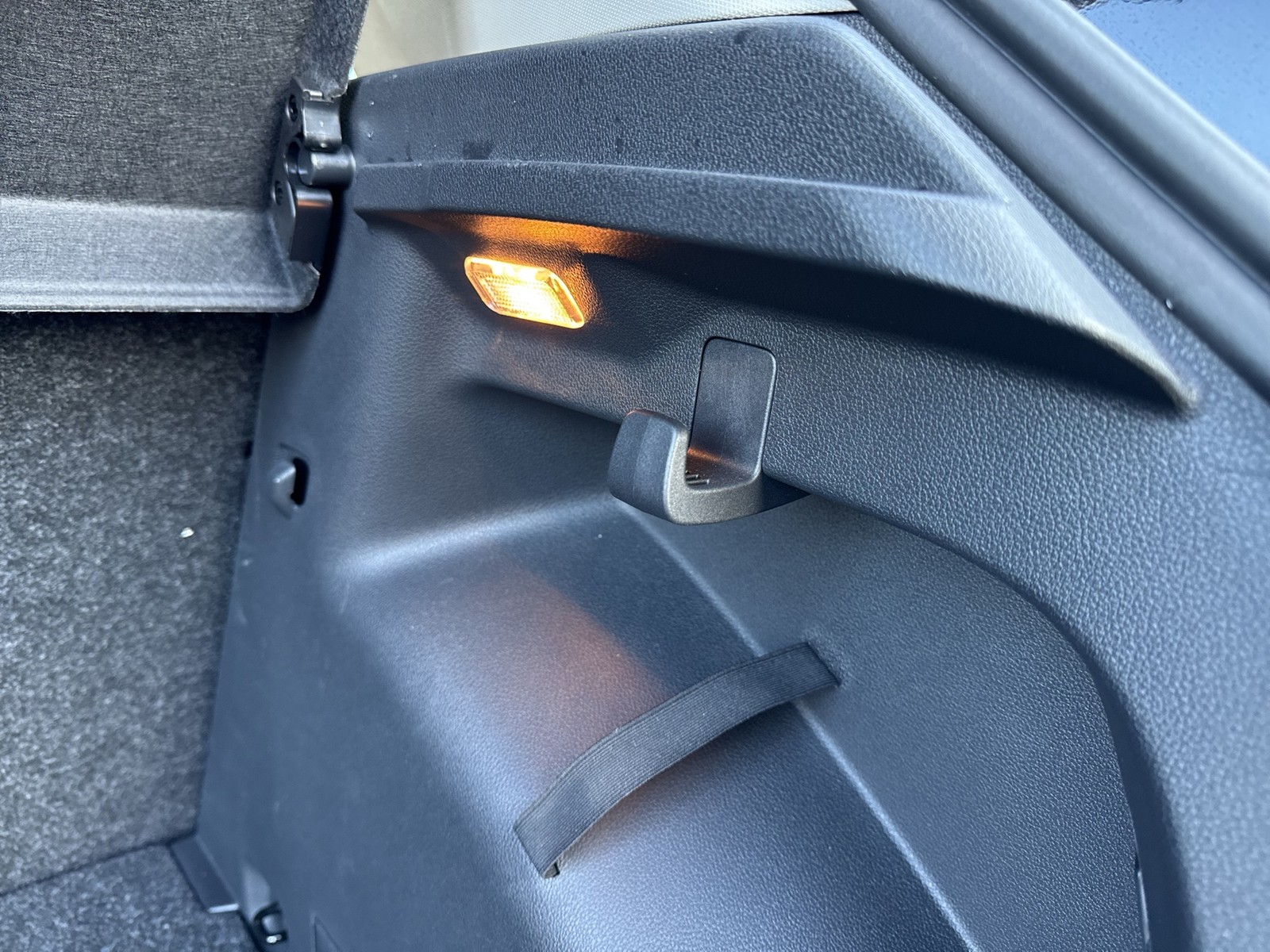 Skoda Fabia 1.0 TOUR CAM AHK-VORBEREITUNG NAVI SITZHZ.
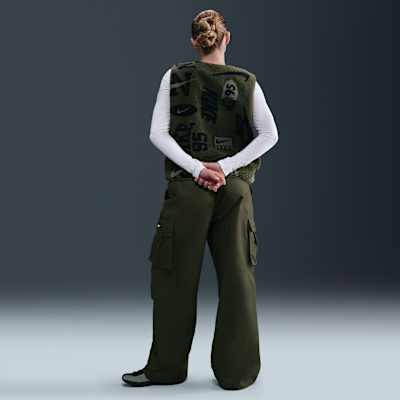 Nike Sportswear Women's Mid-Rise Oversized Woven Cargo Pants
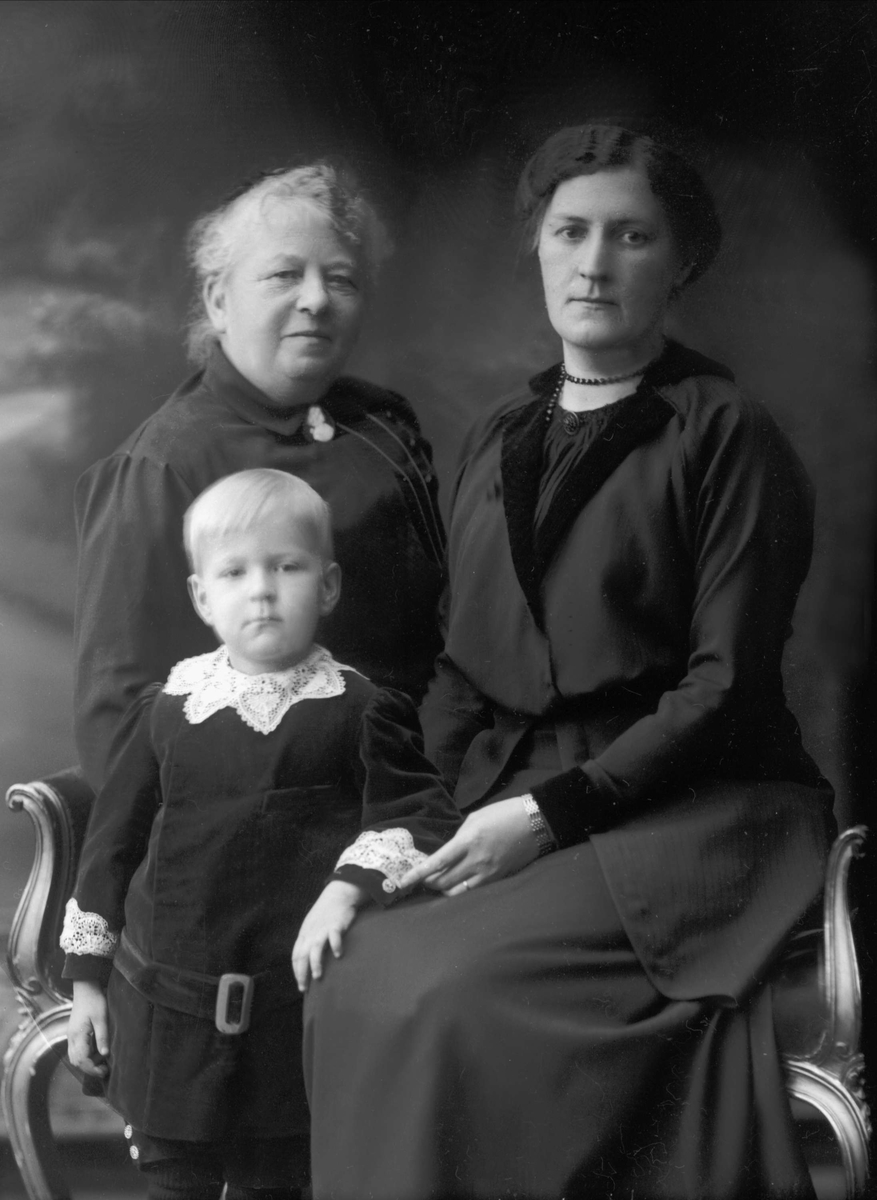 Gustav Borgen, NFB.39922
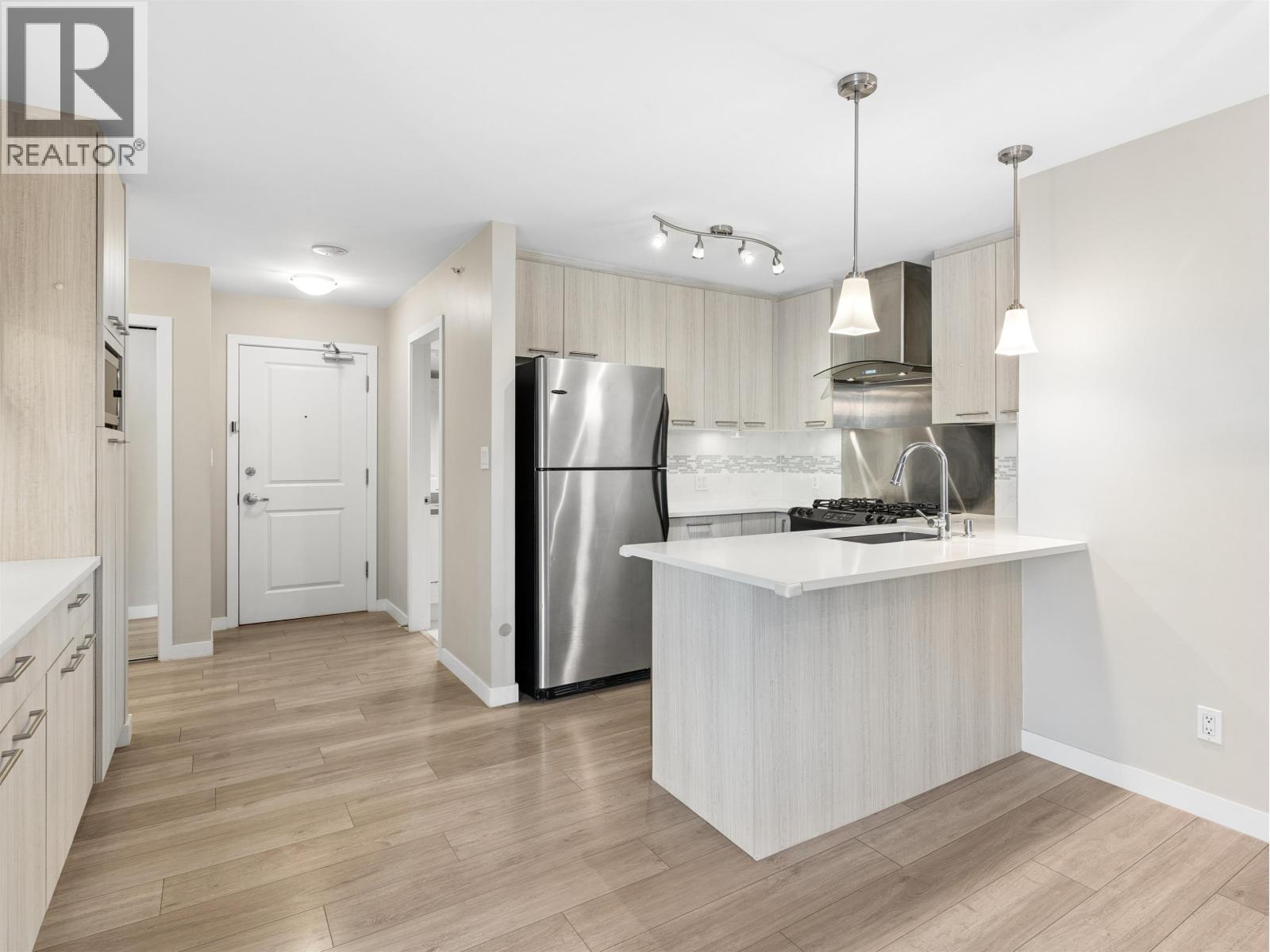 219 8480 Granville Avenue, Richmond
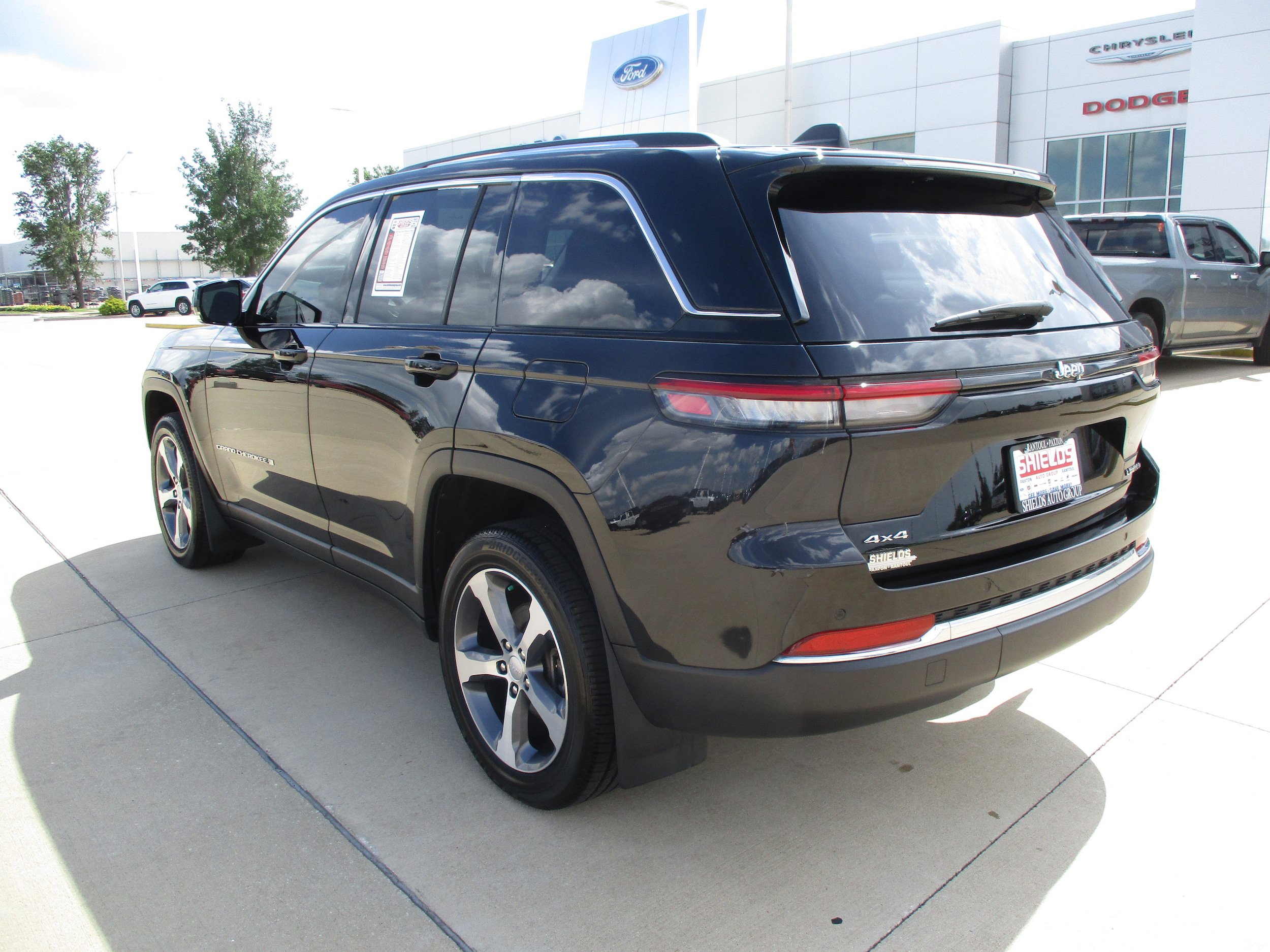 Used 2023 Jeep Grand Cherokee Limited AWD/4WD image 4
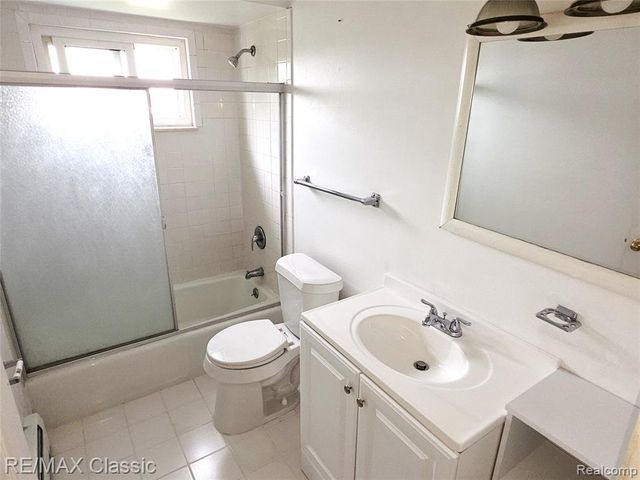 1101 Tienken Court 206, Rochester Hills, MI 48306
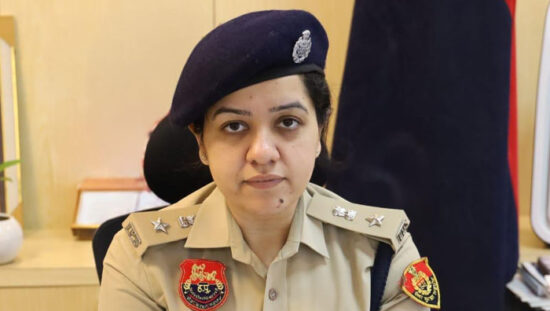 फरीदाबाद पुलिस की साइबर अपराध के खिलाफ कार्रवाई में गिरफ्तार साइबर ठग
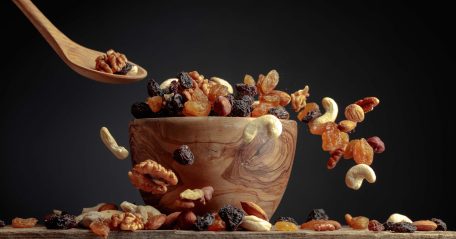 Carlsquare supported Cefetra, a BayWa subsidiary, on the acquisition of the nuts and dried fruits company Heinrich Brüning GmbH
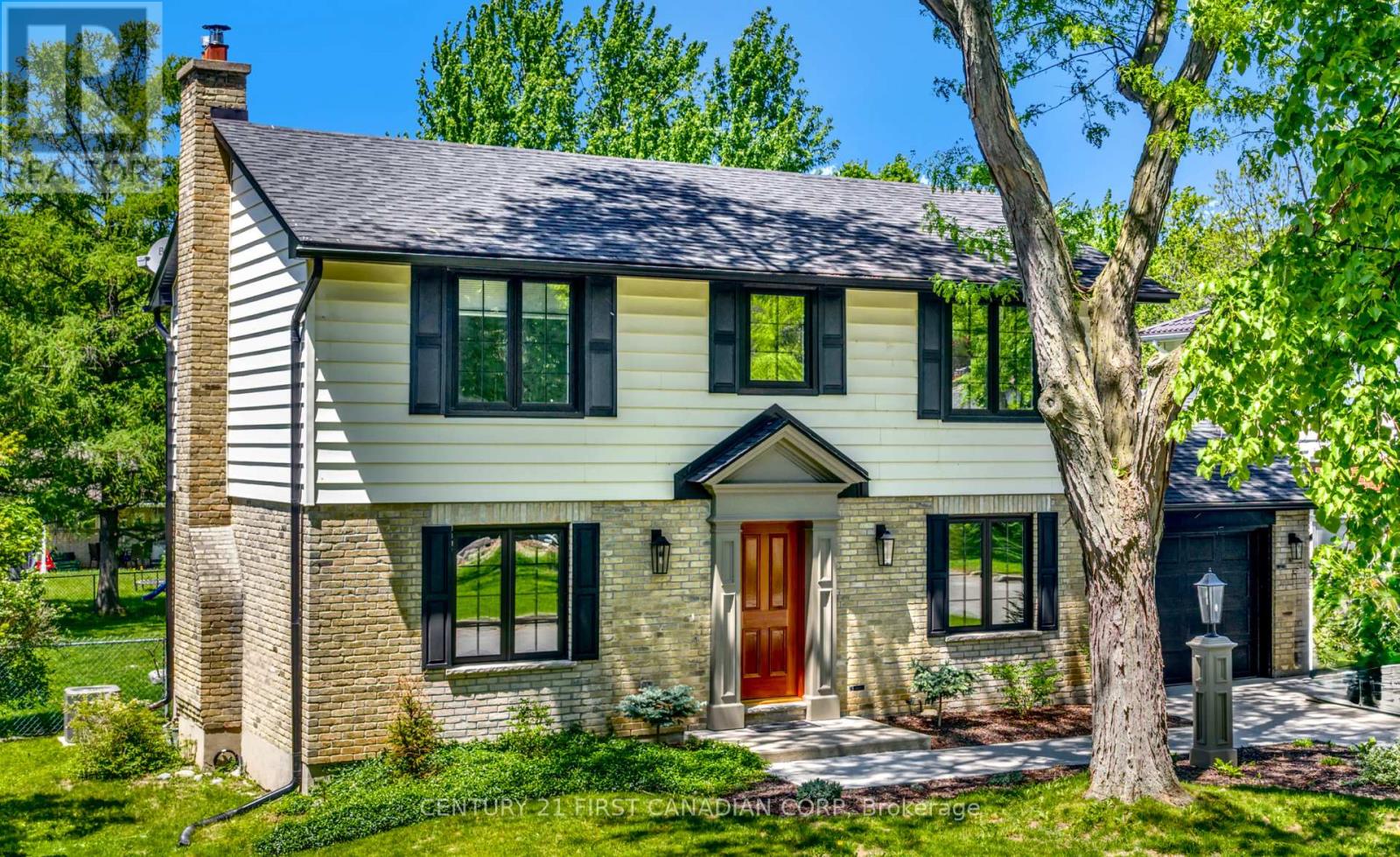 54 LLOYD MANOR CRESCENT - 1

* * *

→ Aim of the task
The copy you produce must repeat all the entries exactly and contain no pictures.

→ Answer to this problem
 Skoda Fabia 1.0 TOUR CAM AHK-VORBEREITUNG NAVI SITZHZ.
 Nike Sportswear Women's Mid-Rise Oversized Woven Cargo Pants
 Gustav Borgen, NFB.39922
 219 8480 Granville Avenue, Richmond
 Used 2023 Jeep Grand Cherokee Limited AWD/4WD image 4
 1101 Tienken Court 206, Rochester Hills, MI 48306
 फरीदाबाद पुलिस की साइबर अपराध के खिलाफ कार्रवाई में गिरफ्तार साइबर ठग
 Carlsquare supported Cefetra, a BayWa subsidiary, on the acquisition of the nuts and dried fruits company Heinrich Brüning GmbH
 54 LLOYD MANOR CRESCENT - 1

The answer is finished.